Empirical Study for Structured Output Control in LLMs for Software Engineering

LLM-generated outputs in software engineering rarely exist in isolation. They must plug into toolchains, APIs, and data pipelines that impose strict, often organization-specific structural contracts. A semantically correct output that violates the expected format is, from the consuming system's perspective, indistinguishable from a wrong answer, making structural fidelity an operational prerequisite for deploying LLMs in practice. Yet current models routinely produce syntactically invalid or structurally non-compliant outputs. Unlike encoders, autoregressive decoders generate text token-by-token with a local rather than global focus, amplifying structural fragility whenever the target format deviates from familiar training distributions. We present a systematic evaluation of structural reliability across four representative SE tasks, categorizing failures into syntax, structural, and semantic errors. We benchmark ways of mitigation targeting the decoder: grammar-constrained decoding, regex-based validation, and a strict template-driven control (Template Token Match Generation, TTMG) to isolate the sources of these failures. TTMG nearly eliminates syntax errors, yet substantial structural and semantic errors persist, demonstrating that the core bottleneck lies beyond syntax formatting. A detailed case study further illustrates how residual errors cascade in downstream workflows. Our findings show that current structure-enforcing tools are necessary but insufficient, and highlight the need for approaches that jointly ensure structural fidelity and semantic correctness in LLM-driven workflows.
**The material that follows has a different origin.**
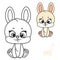 Cartoon toy beige soft rabbit sit on white background outlined and color for coloring book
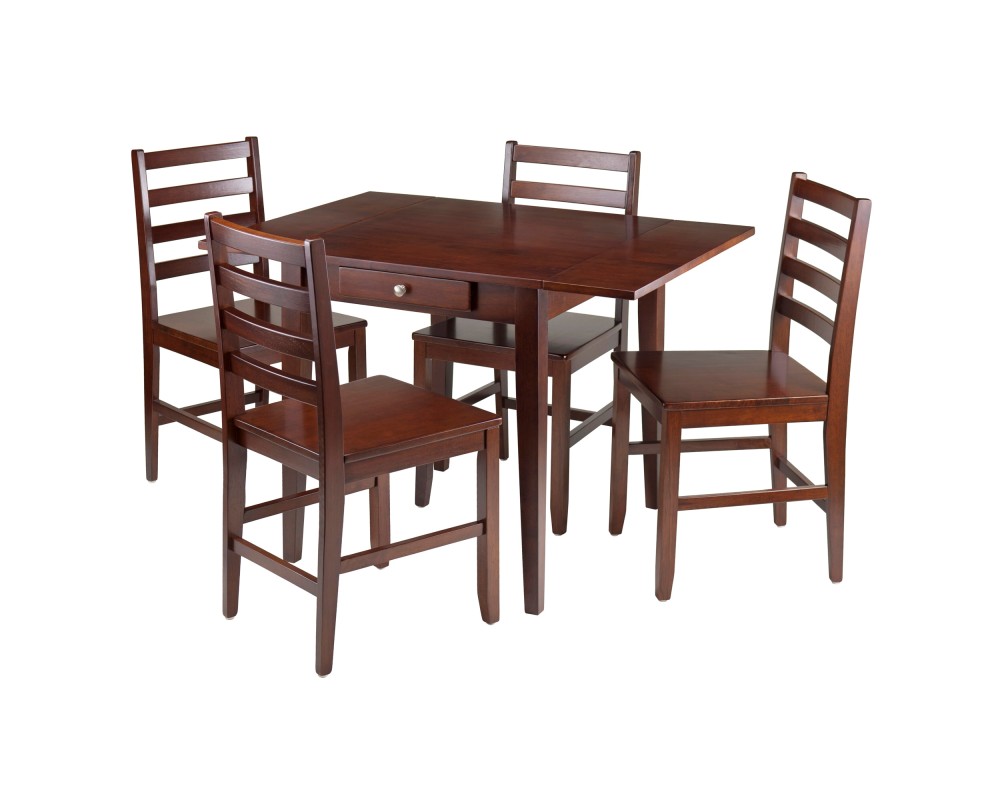 Hamilton Extendable Dining Table with 4 Ladder-Back Chairs, 42' Wide, Walnut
翻译：LLM生成的软件工程输出很少独立存在。它们必须接入工具链、API和数据管道，而这些组件施加了严格且通常特定于组织的结构性契约。一个语义正确但违反预期格式的输出，从消费系统的角度来看，与错误答案并无区别，这使得结构保真度成为实践中部署LLM的操作性前提。然而，当前模型经常产生句法无效或结构不合规的输出。与编码器不同，自回归解码器以局部而非全局焦点逐个生成文本标记，每当目标格式偏离熟悉的训练分布时，会放大结构脆弱性。我们提出了跨四个代表性软件工程任务的结构可靠性系统评估，将故障分类为句法、结构和语义错误。我们基准测试了针对解码器的缓解方式：语法约束解码、基于正则表达式的验证，以及严格的模板驱动控制（模板标记匹配生成，TTMG），以隔离这些故障的根源。TTMG几乎消除了句法错误，但大量结构和语义错误仍然存在，表明核心瓶颈超出句法格式。一个详细的案例研究进一步说明了残余错误如何在下游工作流中级联。我们的研究结果表明，当前的结构强制工具是必要但不充分的，并强调了在LLM驱动的工作流中需要同时确保结构保真度和语义正确性的方法。